What is expected: Nothing outside the range is to be copied. From the entries below, reproduce exactly the lines starting at the one with "A man with a" and ending at the one with "Men's black gothic", without pictures.

++++ Extracted entries ++++

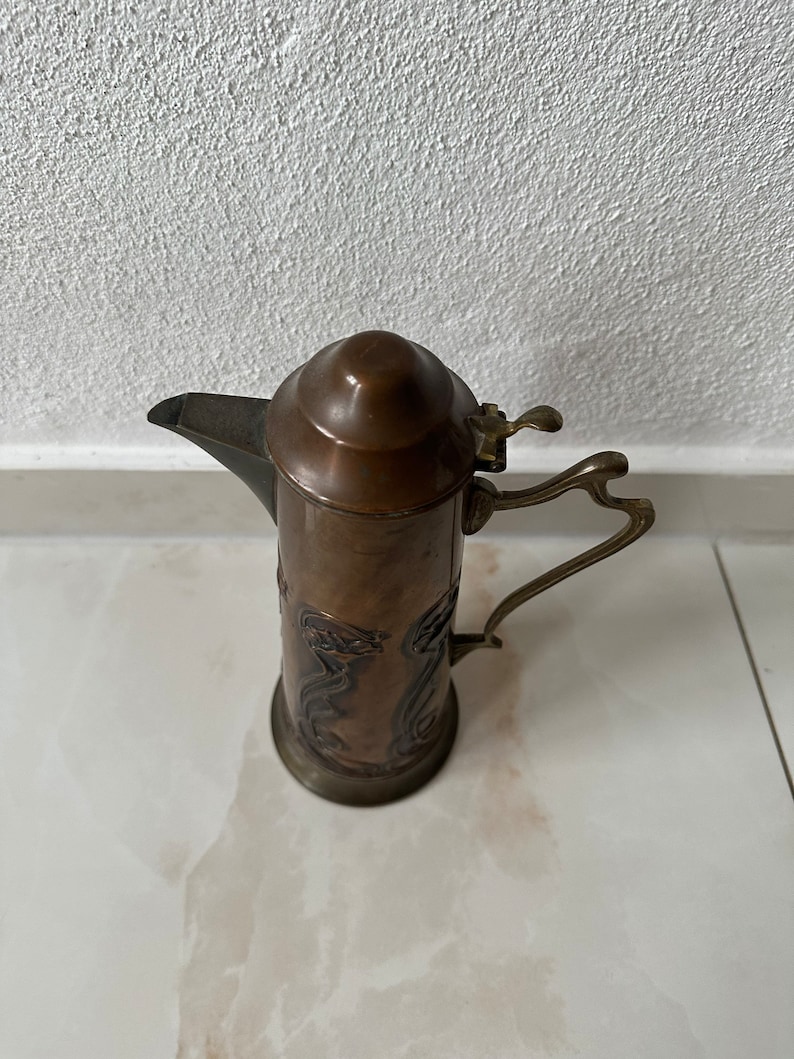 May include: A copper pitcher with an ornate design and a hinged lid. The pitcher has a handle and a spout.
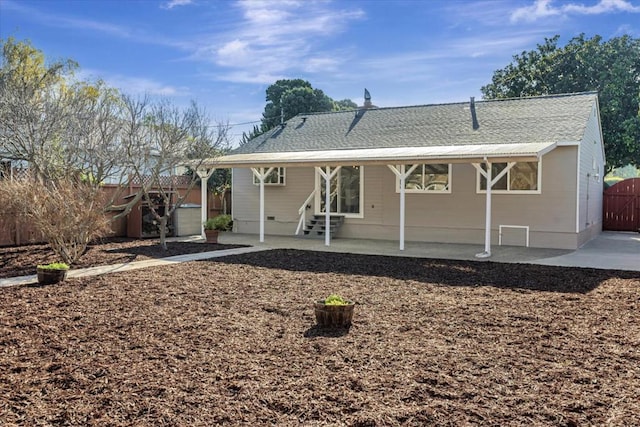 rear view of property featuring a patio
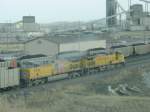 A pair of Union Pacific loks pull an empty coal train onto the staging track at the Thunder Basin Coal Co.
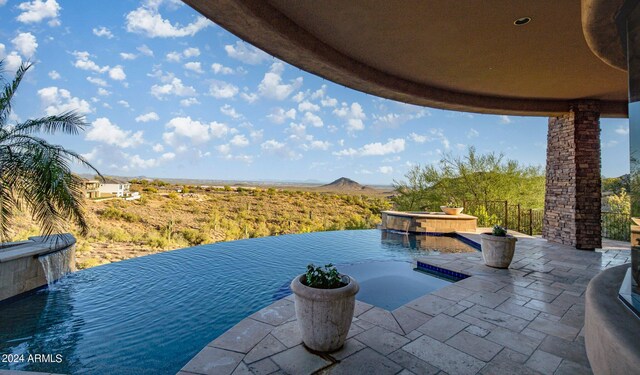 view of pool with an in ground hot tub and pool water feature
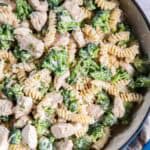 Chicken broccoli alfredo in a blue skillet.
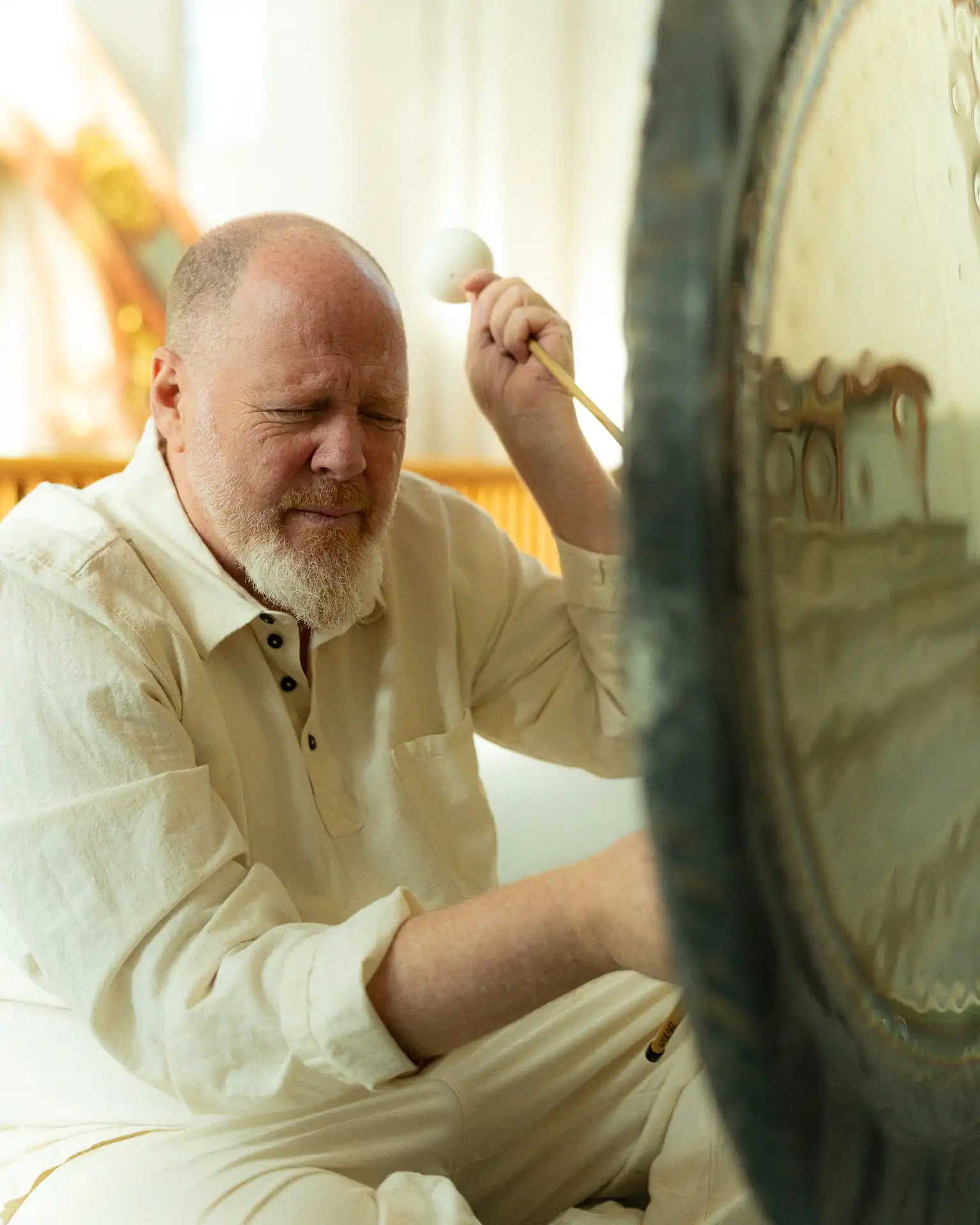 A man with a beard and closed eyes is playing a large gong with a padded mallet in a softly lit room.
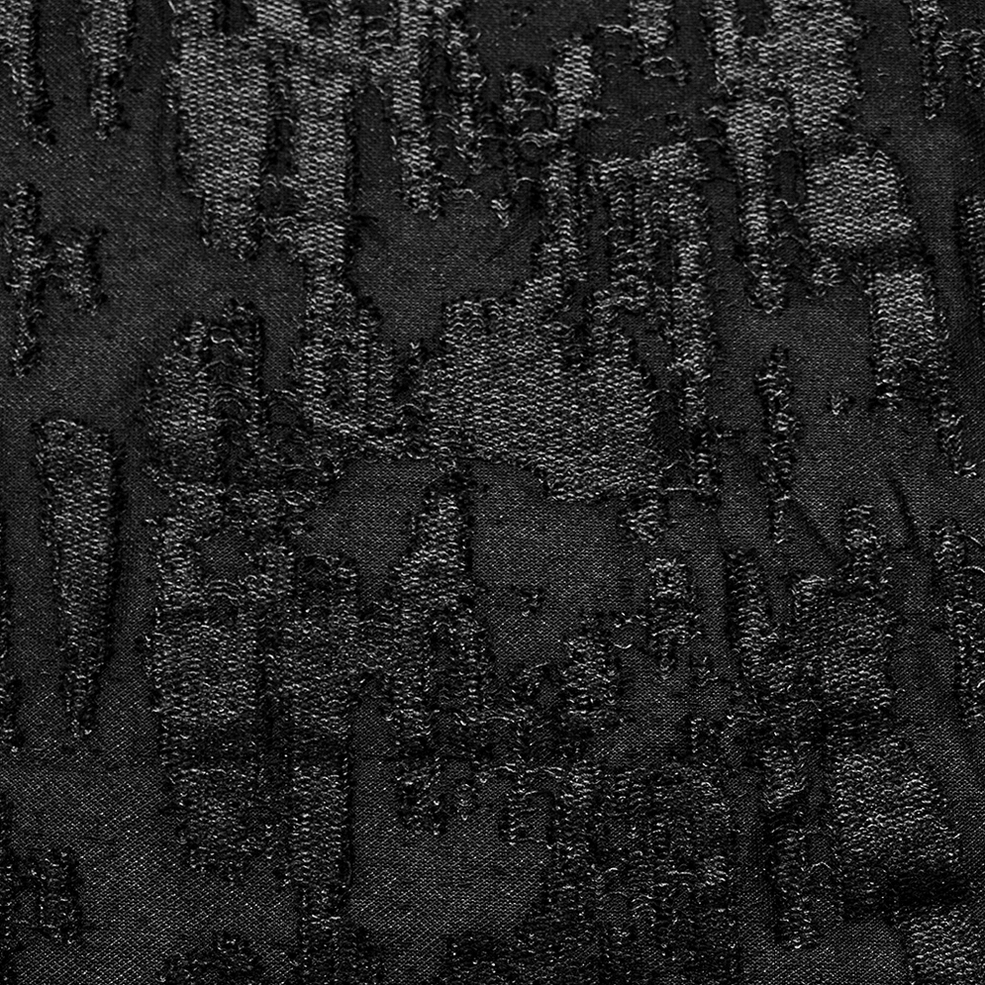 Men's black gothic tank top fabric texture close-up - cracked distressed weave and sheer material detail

++++
++++ Extracted entries ++++

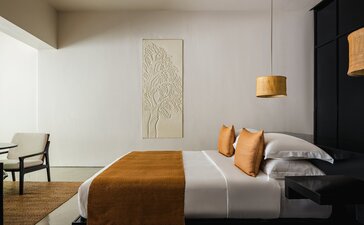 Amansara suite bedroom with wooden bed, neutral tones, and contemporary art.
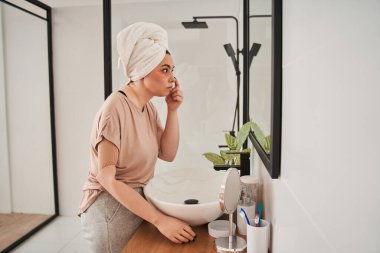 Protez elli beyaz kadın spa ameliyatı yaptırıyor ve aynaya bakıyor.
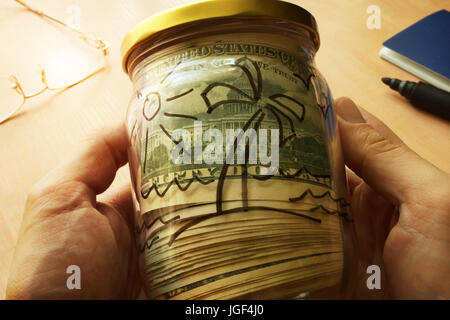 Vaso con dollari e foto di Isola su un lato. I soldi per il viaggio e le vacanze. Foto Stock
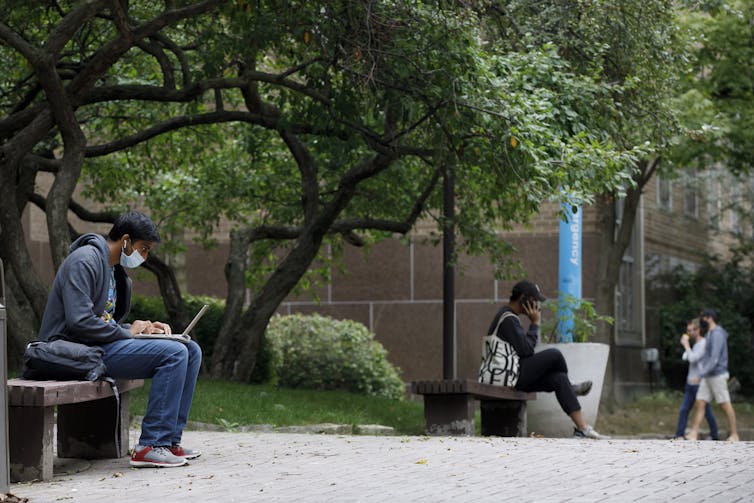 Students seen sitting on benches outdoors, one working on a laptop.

++++

Solution for this problem:
 A man with a beard and closed eyes is playing a large gong with a padded mallet in a softly lit room.
 Men's black gothic tank top fabric texture close-up - cracked distressed weave and sheer material detail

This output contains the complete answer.